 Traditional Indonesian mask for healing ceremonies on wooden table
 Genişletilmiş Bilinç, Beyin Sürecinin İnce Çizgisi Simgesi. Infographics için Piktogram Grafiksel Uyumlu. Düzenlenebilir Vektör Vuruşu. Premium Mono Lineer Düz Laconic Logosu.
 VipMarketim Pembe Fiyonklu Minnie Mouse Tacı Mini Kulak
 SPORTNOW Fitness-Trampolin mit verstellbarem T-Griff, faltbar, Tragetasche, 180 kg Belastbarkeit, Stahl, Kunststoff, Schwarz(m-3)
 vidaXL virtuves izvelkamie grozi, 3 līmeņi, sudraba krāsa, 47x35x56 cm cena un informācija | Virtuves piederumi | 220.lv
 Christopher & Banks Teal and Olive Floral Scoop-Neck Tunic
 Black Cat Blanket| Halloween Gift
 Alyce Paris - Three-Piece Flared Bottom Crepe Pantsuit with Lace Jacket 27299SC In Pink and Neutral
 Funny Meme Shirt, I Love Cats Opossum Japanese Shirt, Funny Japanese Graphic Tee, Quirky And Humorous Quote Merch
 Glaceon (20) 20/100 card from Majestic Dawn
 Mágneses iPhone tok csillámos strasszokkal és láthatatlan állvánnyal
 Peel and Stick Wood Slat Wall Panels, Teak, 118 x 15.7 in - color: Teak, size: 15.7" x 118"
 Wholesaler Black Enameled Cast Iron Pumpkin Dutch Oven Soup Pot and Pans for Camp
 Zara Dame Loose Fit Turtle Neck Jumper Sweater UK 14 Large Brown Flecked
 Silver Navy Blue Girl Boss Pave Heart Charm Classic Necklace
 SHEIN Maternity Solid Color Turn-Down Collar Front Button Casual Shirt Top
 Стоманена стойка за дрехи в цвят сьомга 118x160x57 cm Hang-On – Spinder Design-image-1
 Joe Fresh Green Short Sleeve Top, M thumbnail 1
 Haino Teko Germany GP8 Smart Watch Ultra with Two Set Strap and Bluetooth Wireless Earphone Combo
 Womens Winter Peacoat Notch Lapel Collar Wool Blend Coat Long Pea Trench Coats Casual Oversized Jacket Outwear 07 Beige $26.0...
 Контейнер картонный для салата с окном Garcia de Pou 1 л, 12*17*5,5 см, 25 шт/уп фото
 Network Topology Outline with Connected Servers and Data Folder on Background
:::::
**What you will do:**
In the records above, find the line containing "Black Cat Blanket| Halloween Gift" and restate word for word every line from the first through that one.

**Task output:**
 Traditional Indonesian mask for healing ceremonies on wooden table
 Genişletilmiş Bilinç, Beyin Sürecinin İnce Çizgisi Simgesi. Infographics için Piktogram Grafiksel Uyumlu. Düzenlenebilir Vektör Vuruşu. Premium Mono Lineer Düz Laconic Logosu.
 VipMarketim Pembe Fiyonklu Minnie Mouse Tacı Mini Kulak
 SPORTNOW Fitness-Trampolin mit verstellbarem T-Griff, faltbar, Tragetasche, 180 kg Belastbarkeit, Stahl, Kunststoff, Schwarz(m-3)
 vidaXL virtuves izvelkamie grozi, 3 līmeņi, sudraba krāsa, 47x35x56 cm cena un informācija | Virtuves piederumi | 220.lv
 Christopher & Banks Teal and Olive Floral Scoop-Neck Tunic
 Black Cat Blanket| Halloween Gift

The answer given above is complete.